The DIAMOND SHAMROCK CORP. began as a Cleveland-based chemical company which, in 2003, was headquartered in Dallas under the name Maxus Energy Corp. The Diamond Alkali Corp., a forerunner of Diamond Shamrock, was incorporated in Delaware in 1929 as the successor to a company of the same name that was incorporated in West Virginia in 1910. Founded by a group of investors with ties to glass manufacturing, Diamond Alkali was established to facilitate the production of soda ash, an important material for the manufacture of glass. In 1911, Raymond Evans (one of the founders) chose Painesville as the site of its main chemical plant.

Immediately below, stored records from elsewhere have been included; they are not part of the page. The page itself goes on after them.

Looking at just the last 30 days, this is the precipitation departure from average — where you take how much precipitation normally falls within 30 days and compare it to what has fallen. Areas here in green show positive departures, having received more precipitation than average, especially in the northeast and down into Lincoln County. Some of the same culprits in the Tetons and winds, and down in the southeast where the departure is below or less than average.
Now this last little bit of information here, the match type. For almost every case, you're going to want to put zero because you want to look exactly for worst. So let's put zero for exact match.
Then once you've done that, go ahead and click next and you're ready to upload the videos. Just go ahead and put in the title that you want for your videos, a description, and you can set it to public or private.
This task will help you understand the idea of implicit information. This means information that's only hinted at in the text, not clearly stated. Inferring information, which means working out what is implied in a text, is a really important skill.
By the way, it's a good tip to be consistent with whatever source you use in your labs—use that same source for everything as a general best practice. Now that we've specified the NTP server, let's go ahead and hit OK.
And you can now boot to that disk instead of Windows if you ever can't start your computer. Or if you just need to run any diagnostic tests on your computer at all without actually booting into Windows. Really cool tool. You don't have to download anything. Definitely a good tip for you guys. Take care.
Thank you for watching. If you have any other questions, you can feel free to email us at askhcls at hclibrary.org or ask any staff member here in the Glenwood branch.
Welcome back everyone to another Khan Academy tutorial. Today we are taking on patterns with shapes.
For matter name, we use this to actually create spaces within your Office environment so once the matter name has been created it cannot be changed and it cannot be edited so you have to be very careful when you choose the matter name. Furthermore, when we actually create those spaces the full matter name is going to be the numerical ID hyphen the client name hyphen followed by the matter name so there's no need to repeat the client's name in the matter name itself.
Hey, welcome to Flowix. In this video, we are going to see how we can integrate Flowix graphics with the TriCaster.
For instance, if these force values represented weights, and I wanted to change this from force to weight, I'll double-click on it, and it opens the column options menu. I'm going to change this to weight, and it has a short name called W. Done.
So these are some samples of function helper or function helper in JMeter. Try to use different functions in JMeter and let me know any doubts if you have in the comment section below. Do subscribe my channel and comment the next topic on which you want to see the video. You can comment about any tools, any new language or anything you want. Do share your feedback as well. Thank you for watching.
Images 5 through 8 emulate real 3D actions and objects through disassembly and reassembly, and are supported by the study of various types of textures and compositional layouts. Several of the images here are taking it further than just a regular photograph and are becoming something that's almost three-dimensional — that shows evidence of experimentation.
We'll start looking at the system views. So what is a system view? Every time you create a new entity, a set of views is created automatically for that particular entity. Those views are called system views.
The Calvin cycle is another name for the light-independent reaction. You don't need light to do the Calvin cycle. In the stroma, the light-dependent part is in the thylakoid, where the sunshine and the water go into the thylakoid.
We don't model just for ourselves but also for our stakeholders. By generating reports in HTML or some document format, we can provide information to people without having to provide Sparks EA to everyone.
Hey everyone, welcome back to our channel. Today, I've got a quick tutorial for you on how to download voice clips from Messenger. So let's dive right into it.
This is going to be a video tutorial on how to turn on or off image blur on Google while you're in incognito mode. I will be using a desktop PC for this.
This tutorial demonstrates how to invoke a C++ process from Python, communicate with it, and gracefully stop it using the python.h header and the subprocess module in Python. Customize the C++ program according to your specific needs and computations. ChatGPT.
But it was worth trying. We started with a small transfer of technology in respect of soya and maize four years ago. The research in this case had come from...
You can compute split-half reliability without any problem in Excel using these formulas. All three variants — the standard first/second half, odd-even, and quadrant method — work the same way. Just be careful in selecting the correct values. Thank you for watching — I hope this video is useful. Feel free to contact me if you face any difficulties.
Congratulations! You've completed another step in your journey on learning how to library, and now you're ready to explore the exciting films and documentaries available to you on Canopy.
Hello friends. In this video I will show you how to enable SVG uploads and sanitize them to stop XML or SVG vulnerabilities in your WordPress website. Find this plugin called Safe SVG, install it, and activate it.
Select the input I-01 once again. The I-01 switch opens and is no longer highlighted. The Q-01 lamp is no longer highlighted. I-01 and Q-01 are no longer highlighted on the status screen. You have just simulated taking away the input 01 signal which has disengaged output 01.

The combination of local salt deposits, an abundant water supply from Lake Erie, and the area's accessibility to lake freighters carrying Michigan limestone and railroads hauling West Virginia coal made Painesville an ideal choice for the company's operations. In the 1920s, Diamond Alkali diversified its production facilities to include the manufacture and maketing of a large number of basic inorganic and organic chemical products, such as soda ash, caustic ash, laundry soda, soda crystal, bichromates, cement, chlorine, alkalis, and coke. A pioneer in the development of alkali-based products, the company found that new products often produced side effects, which subsequently resulted in the development of still more products. By the mid-1960s, the company's line had grown to over 1,400 products. Diamond was a major employer in the area, and the economy of many surrounding communities was directly tied to its fortunes.

In 1928, just three years after Raymond F. Evans became president of the company, Diamond moved its corporate headquarters from Pittsburgh to the UNION COMMERCE BLDG. in Cleveland. It was under Evan's leadership that the firm became one of the largest chemical, oil, and gas companies in the United States. After the Second World War, the firm expanded by opening plants in Houston, TX, Muscle Shoals, AL, and Delaware City, DE. In addition, the company expanded its range of products to include plastics like polyvinyl chloride and chemicals for the agricultural industry. After acquiring several of its competitors in the chemical industry, Diamond Alkali merged with Shamrock Oil & Gas Corp. in 1967, creating the Diamond Shamrock Corp. After the merger, the company moved its headquarters from the Union Commerce Bldg. to the new office tower at Superior and E. 13th St. At the time of the merger, Diamond Shamrock's chemical operations made up about 80 percent of the company's business, with oil and gas making up the remaining 20 percent. Soon after the merger, however, company executives repositioned the company's emphasis away from its industrial chemicals business and toward its oil enterprises by expanding oil and gas exploration. After William H. Bricker became CEO in 1976, Diamond Shamrock closed its plant in Painesville, where it had operated for 65 years. In 1979, Diamond Shamrock moved its corporate headquarters to Dallas, where the company's name was changed to Maxus Energy Corp. in 1987 and its refining and marketing business became a separate entity called the Diamond Shamrock Refining and Marketing Company (later shortened to Diamond Shamrock in 1990). The loss of Diamond Shamrock was a major economic blow to Cleveland at the time as the only operation remaining in the area was a chemical research center in Painesville.

Despite their reduced presence in Cleveland, Maxus (and its former Diamond Shamrock past) soon returned to the public's attention in Northeast Ohio.  In September 1979, the Cleveland Press ran a series of award-winning articles by investigative reporter, Peter Almond, revealing major environmental and health issues at the former Diamond Shamrock site.  In the early 1990s, Federal and State environmental officials, reported the discovery of investigations that uncovered 750,000 tons of chromate materials, three waste lakes, and other toxic contaminants at an 1,100 acre site fomerly occupied by Diamond.  Located on the border of Painesville Township and Fairport Harbor, environmental officials uncovered evidence of run-off into nearby Grand River and Lake Erie. Acting to halt the spread of still further pollution, officials from the Ohio Environmental Protection Agency brokered a deal with Maxus and several other companies with ties to the site to spend between $3 and $5 million to clean up the area. The clean-up effort shored-up existing barriers to contain the contaminants and, as early as 1998, local developers began searching for ways to redevelop the site for recreational uses.